Closed chessai closed 5 years ago
I've created a repository to track performance of scanning arrays forward and backward. It turns out that scanning forward wins in the microbenchmark I came up with. Additionally, the generated assembly has the same sections, each the same the size, as the generated assembly of the implementation that scans backward. I am led to believe that modern Intel processors privilege forward scans of arrays by just a little bit. The two top performers:
benchmarked HighToLowGt
time 45.63 μs (45.24 μs .. 46.02 μs)
0.999 R² (0.998 R² .. 1.000 R²)
mean 45.56 μs (45.39 μs .. 45.80 μs)
std dev 727.2 ns (539.4 ns .. 975.6 ns)
benchmarked LowToHigh
time 42.96 μs (42.10 μs .. 44.20 μs) 0.998 R² (0.996 R² .. 1.000 R²)
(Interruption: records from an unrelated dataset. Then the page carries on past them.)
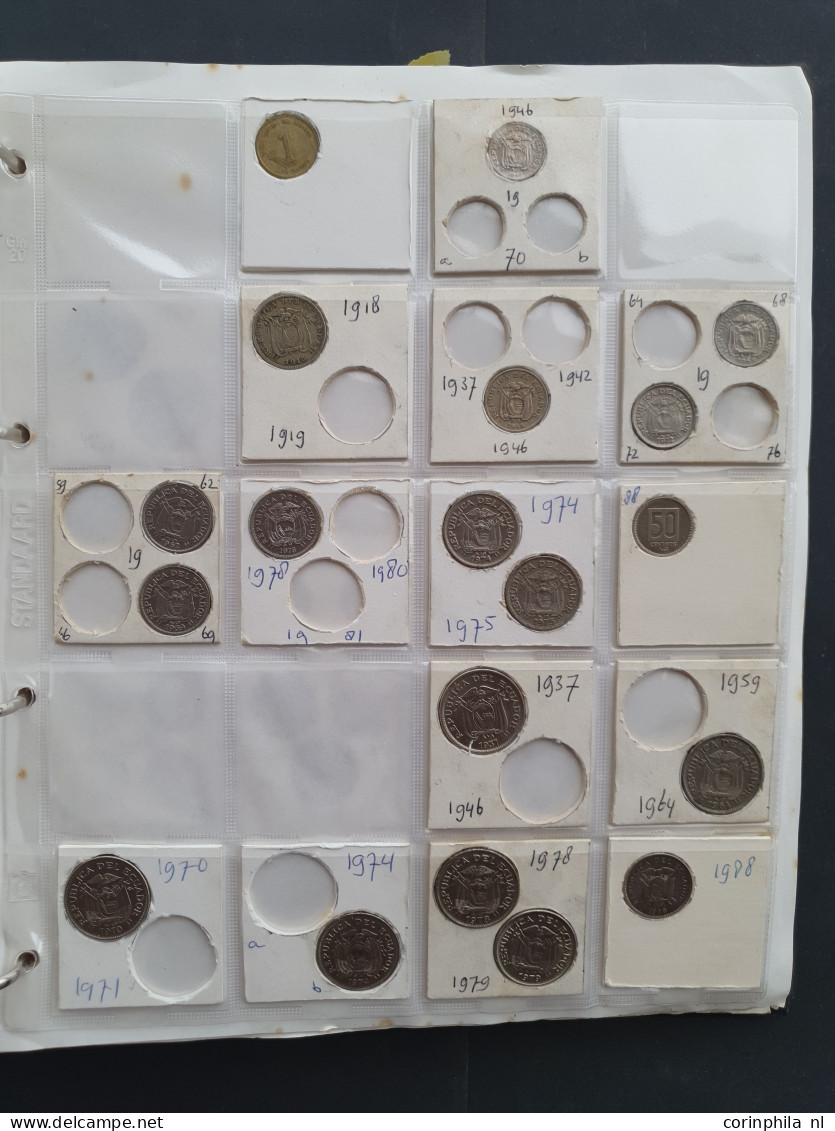collection Middle and South America 1800-2000 with some silver, among which Mexico 8 Reales 1809 TH in 3 albums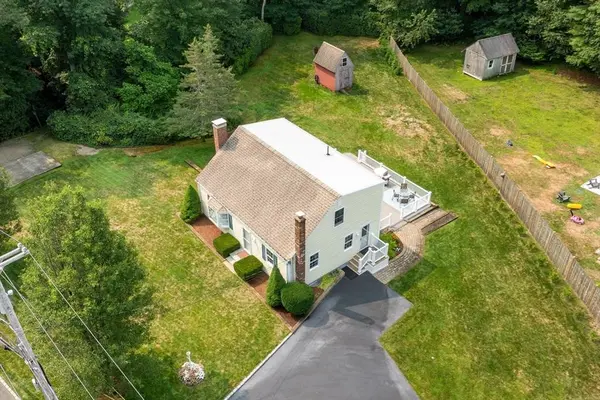 7 Pelham St, Pembroke, MA 02359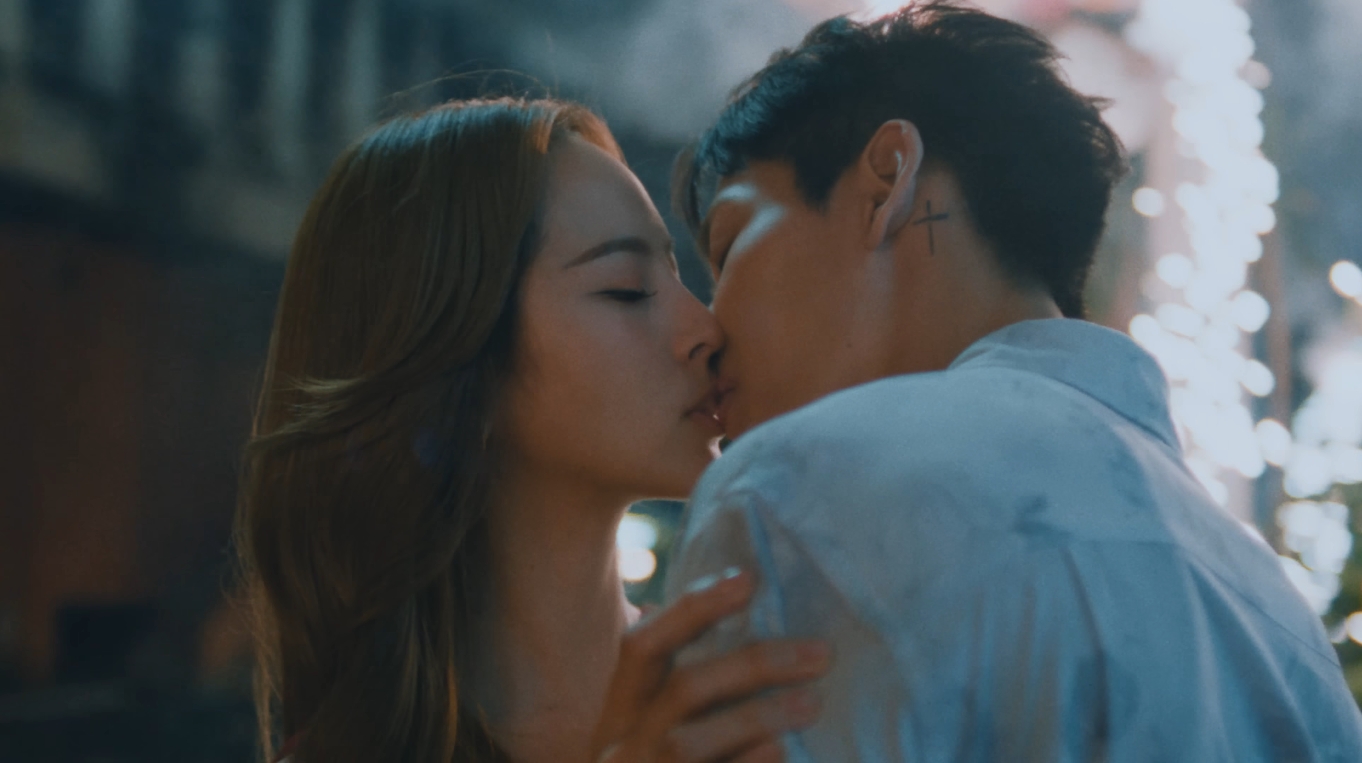 “WONDERING” ของ “แบมแบม” ทำแฟนคลับกรี๊ดลั่น เหตุฉากจูบสุดละมุนกับ “ณิชา”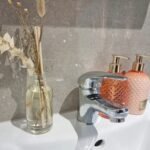 Book The Best Family Accommodation in London near Greenwich, Canary Wharf, London Bridge and tourist sights!Pet friendly apartment with garden | Urban Stay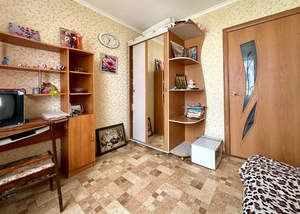 3-к квартира, вторичка, 64м2, 8/9 этаж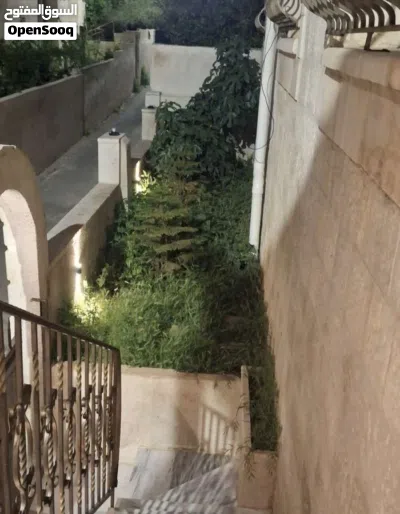 شقة للبيع خلف فندق كراون طابق اول مساحة 124 متر 3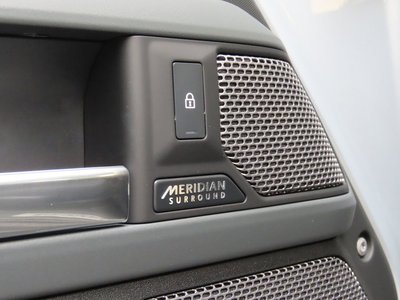 2023 LAND Rover DEFENDER thumbnail 11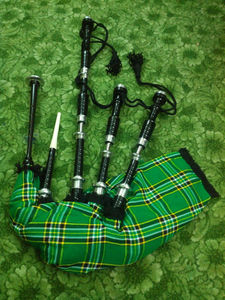 Bagpipes écossais professionnels Highland de qualité supérieure, finition naturelle et noire, avec montures en argent massif, faible MOQ - Product Image 3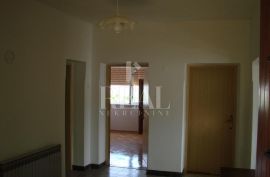 Prodaja etaže na Gornjem Zametu 2S+DB  84.61 M2+GARAŽA, Rijeka, Appartement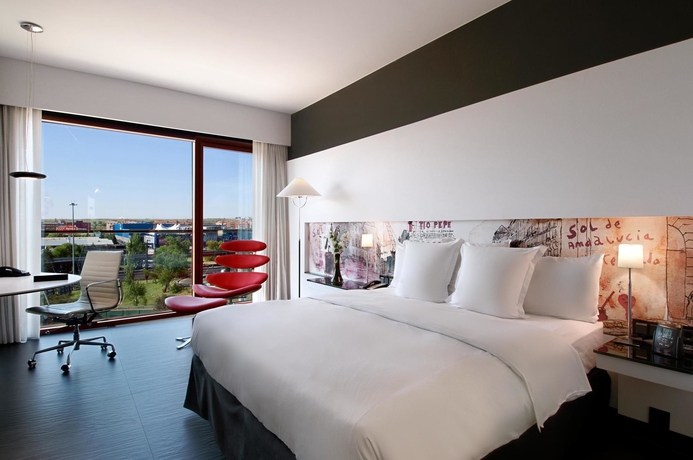 Imagen de la habitación del Hotel Hilton Madrid Airport. Foto 10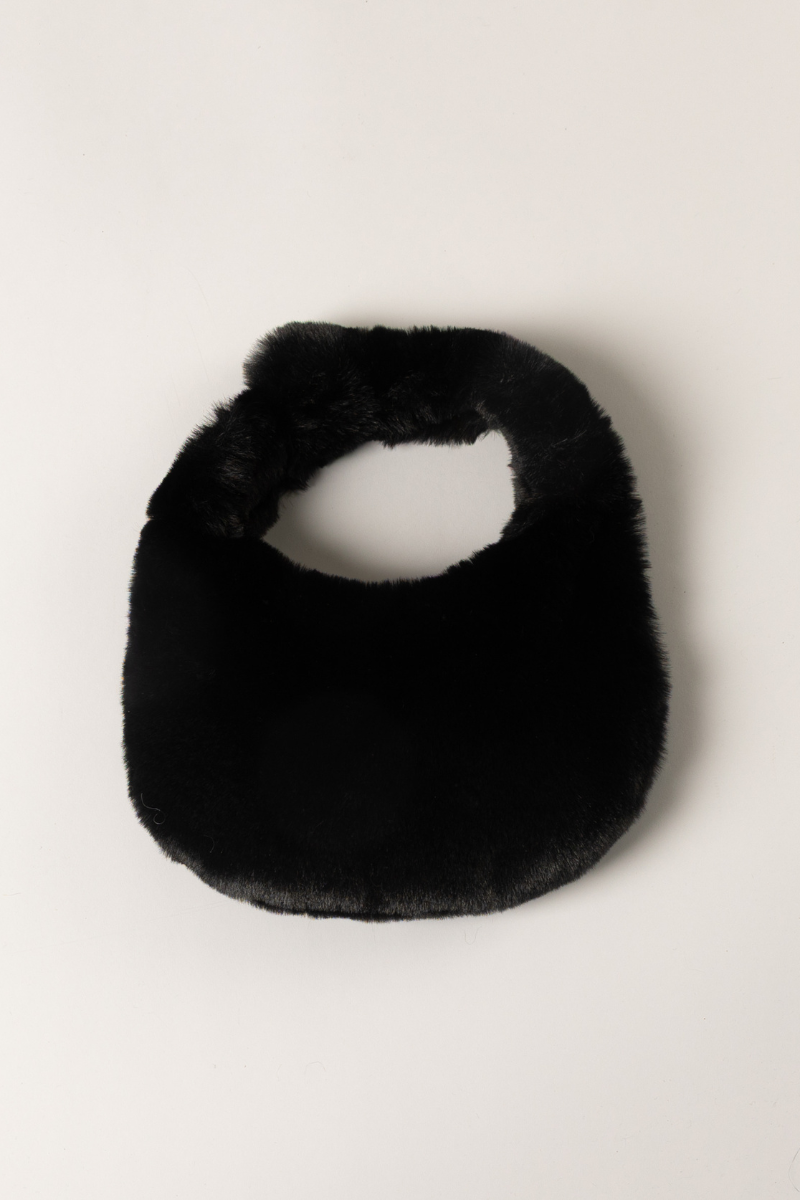FAUX FUR PERFECT PURSE IN BLACK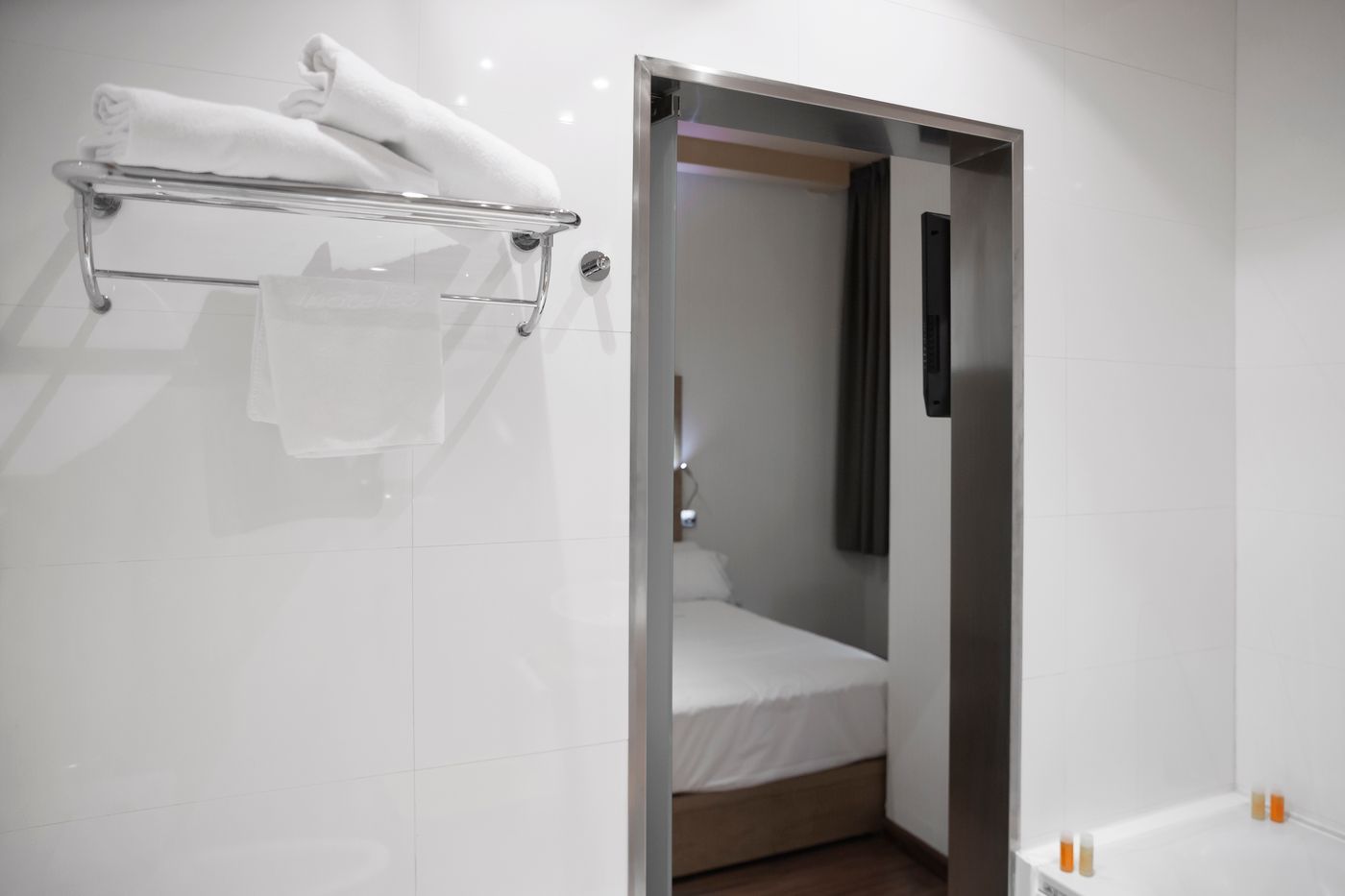 Petite-Palace-Plaza-Hotel-Room-32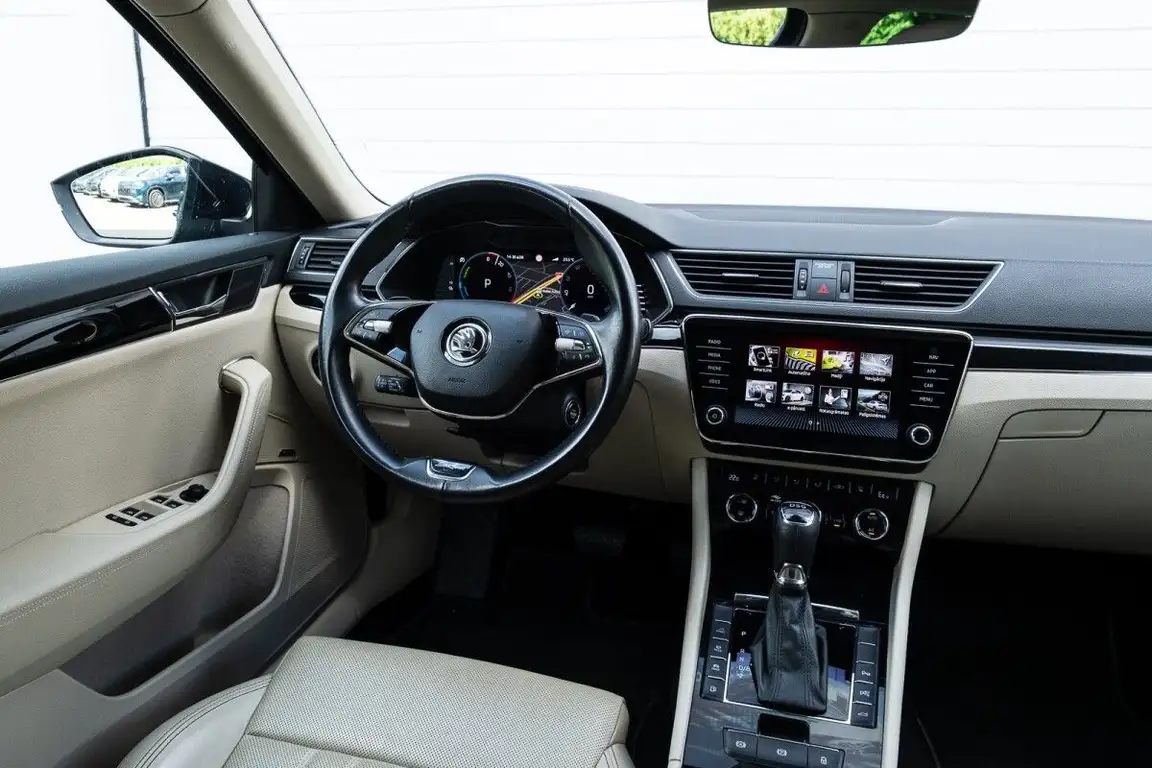 SKODA SUPERB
mean 42.72 μs (42.57 μs .. 43.03 μs)
std dev 734.6 ns (459.8 ns .. 1.150 μs)
These numbers come from GHC head (8.9).
I suspected this might be the case. My intuition about things like this is that modern processors do a ton of optimisations that are aware of how programmers usually write code, although if any of these optimisations made didnt exist i think the natural idea where comparing to a literal repeatedly would do better.
@andrewthad can you review? many changes, useful functions, and beginnings of a test suite.
ping
all concerns addressed
Squashed and merged
okay, adding more tests
don't merge this. though i would appreciate review as changes are made.